When applied to execution cost, Amdahl's Law dictates that the total time $T$ of a process across an optimization scale $n$ is bound by a fixed, unalterable baseline $b$:

$$T(n) = b + \frac{T(1) - b}{n}$$

In an optimized PEG engine like TatSu, the algorithmic design is already incredibly refined. The serial baseline $b$ represents the unavoidable physical mechanics of processing a formal language:

1. The Linear-Scan Lower Bound: A parser cannot predict the input structure without scanning the all the input. Every single byte must travel from RAM, through the cache hierarchy, and into a CPU register, and it must be matched against "something" as specified by the grammar.
2. The Memory Wall: Once code optimization strips away linguistic bloat (interpreter lookups, heavy object wrapping), the execution becomes entirely Stream-Bound.

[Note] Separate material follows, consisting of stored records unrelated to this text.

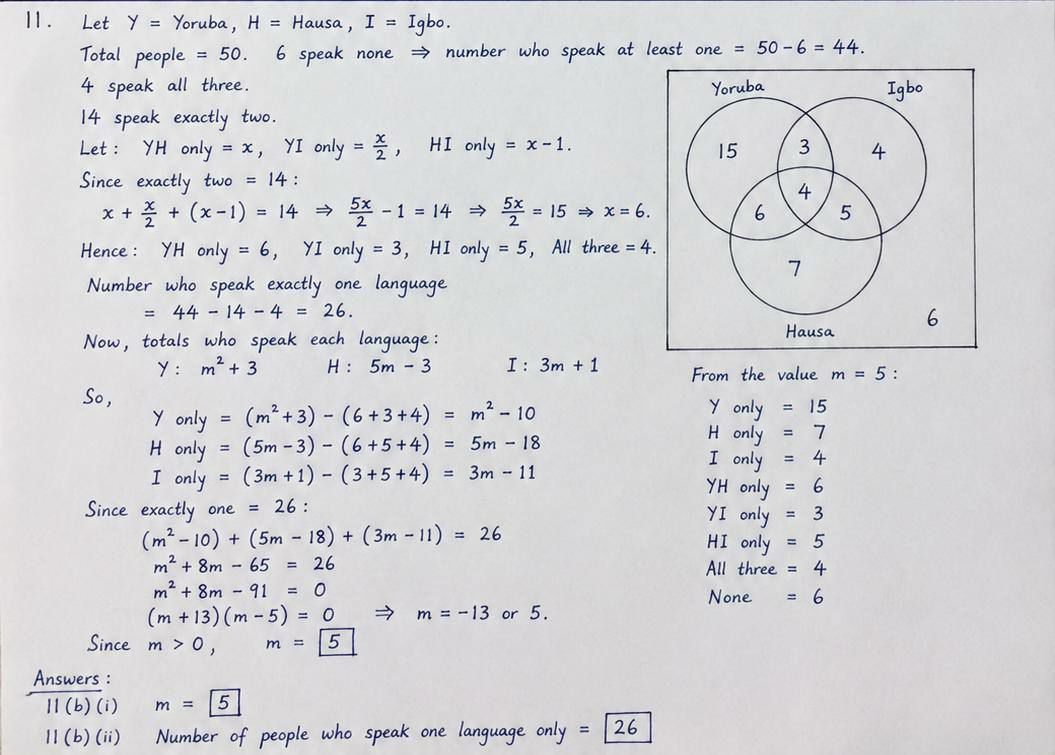 WAEC 2026 Further Mathematics answers - Question 11 (Sets/Venn Diagram)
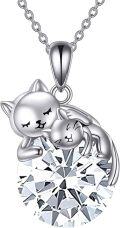 wholesale 14K Gold Pink Crystal Black Cat Pendant Necklace for Women Cats Lover-0-186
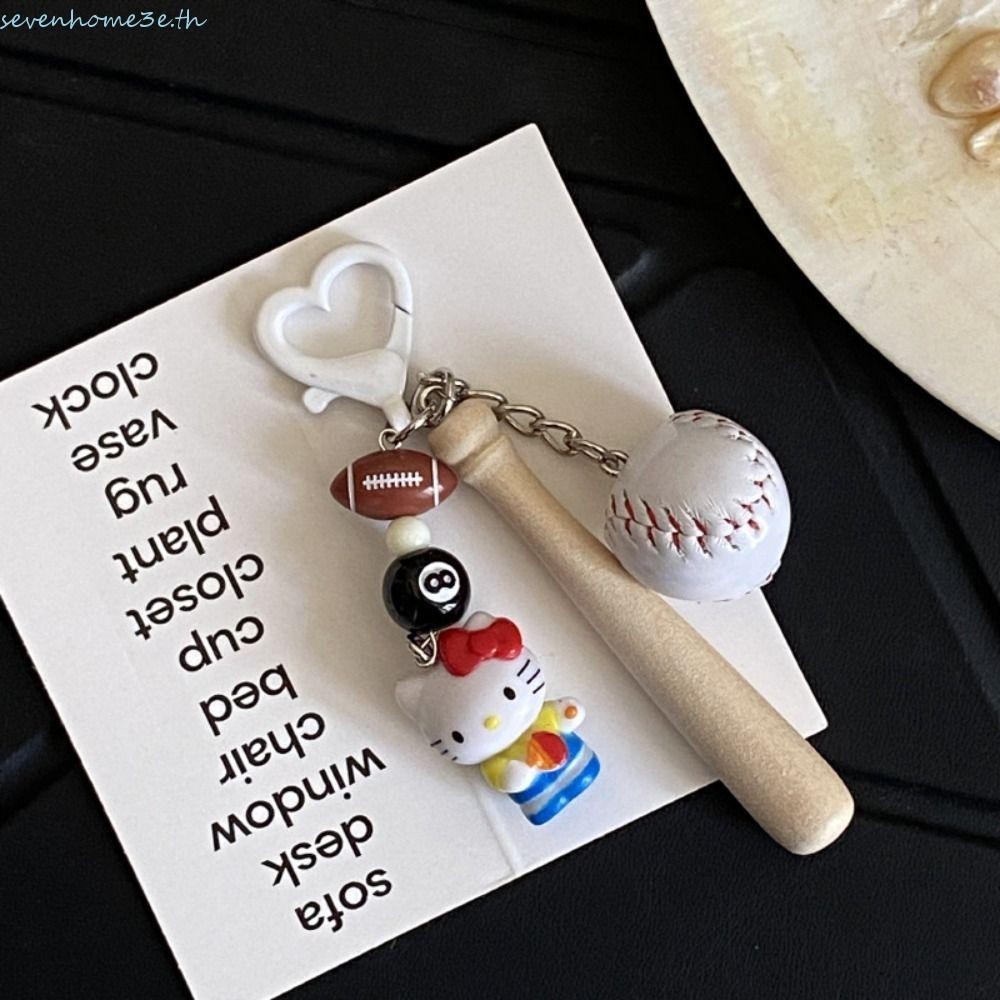 Sevenhome3e Kt พวงกุญแจแมว, โต๊ะแบดมินตันคู่กระเป๋าเป้สะพายหลังจี้, น่ารัก Creative Key Chain Charm พวงกุญแจเบสบอลกระเป๋าจี้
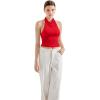 imageSUUKSESS Women Halter Backless Tank Tops Sexy Cowl Neck Summer Going Out Cami TopsRed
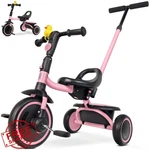 Ridyee Pink Tricycle Toddler 18M-5YR Removable Push Handle Adjustable Seat. Fixed Price $74.62.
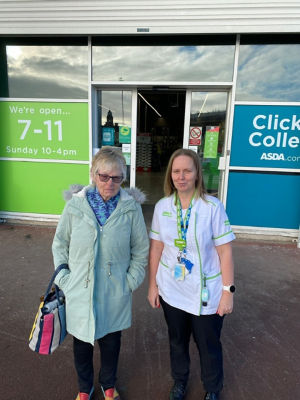 Claire Tywman from Ramsagte with customer Rose Doyle
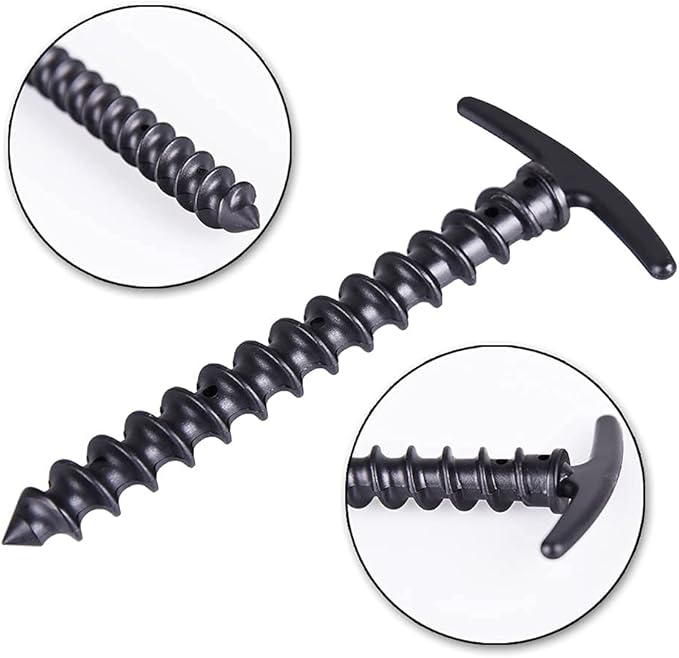 5PCS Tents Stakes 5.7 Inch Spiral Ground Anchor Lightweight Tent Pegs for Canopies Tarps Camping Backpaking Landscaping Securing Dogs Pets Outdoor Black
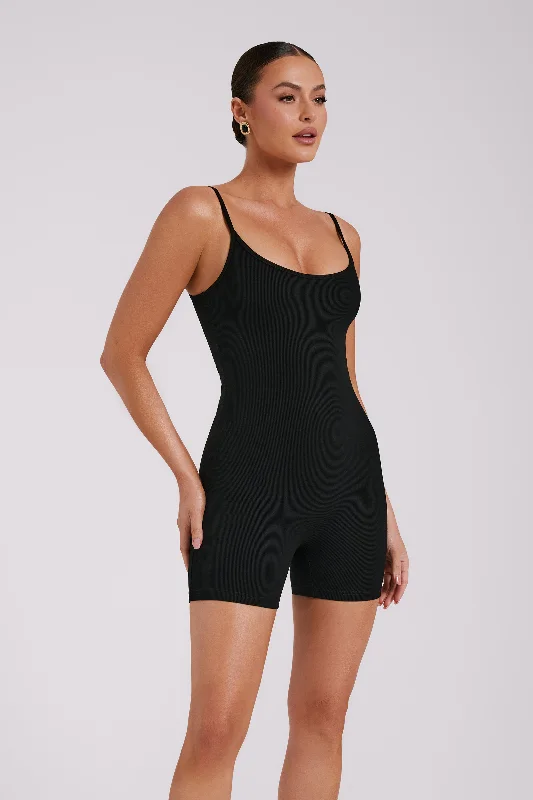 Alexis Ribbed Cami Playsuit - Black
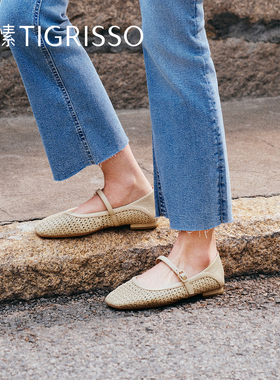 竹夏蹀愫25年编织芭蕾舞平底鞋透气玛丽珍鞋TA65113-17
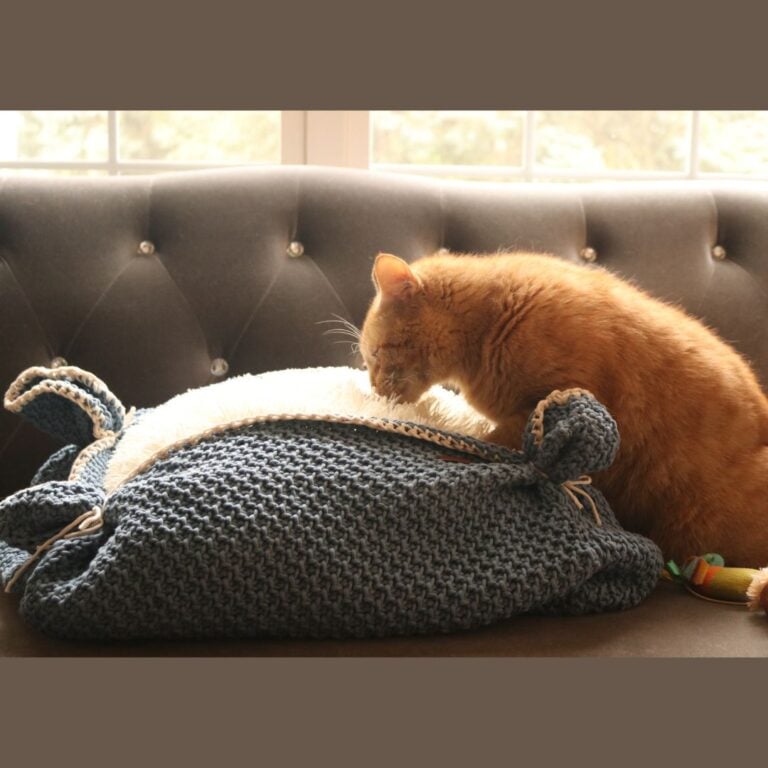 Free cat bed crochet pattern Tunisian Cat Bed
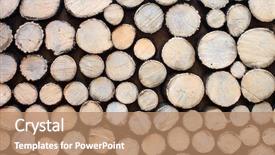  Presentation with design rustic wood wall texture - Colorful presentation design enhanced with stacked concentric rings - log background texture element backdrop and a coral colored foreground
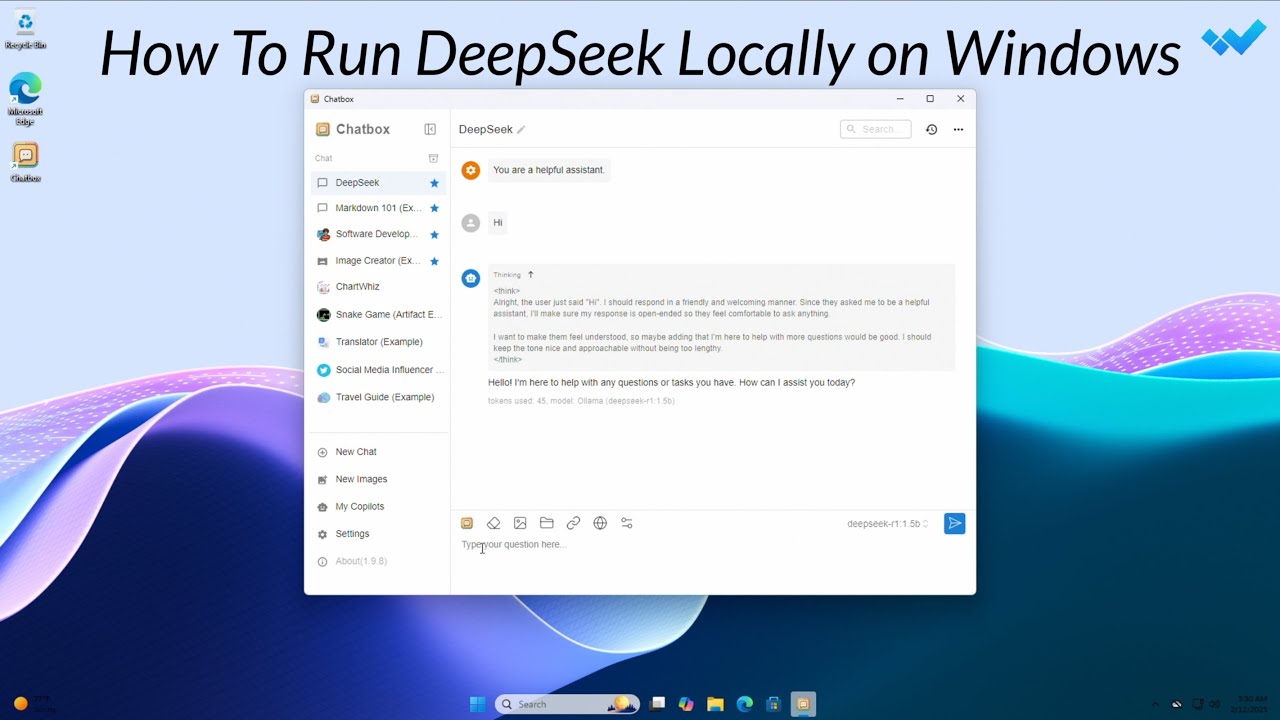 How To Run DeepSeek Locally on Windows | Intel | AMD - YouTube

The CPU spends its clock cycles waiting on memory bus bandwidth, or moving through the states of a regexp automata.

Because TatSu's core execution loop pushes those operations down into optimized C primitives and bitmaps, the remaining runtime overhead left to optimize ($T(1) - b$) is incredibly small.

Rewriting the engine in Rust completely eliminates Python's memory management friction, heavy object boxing, and Garbage Collection pauses, but it cannot bypass the physical limits of silicon. Once an engine achieves true Mechanical Sympathy with the underlying hardware, the language it is written in becomes secondary—the physics of the text stream call the shots.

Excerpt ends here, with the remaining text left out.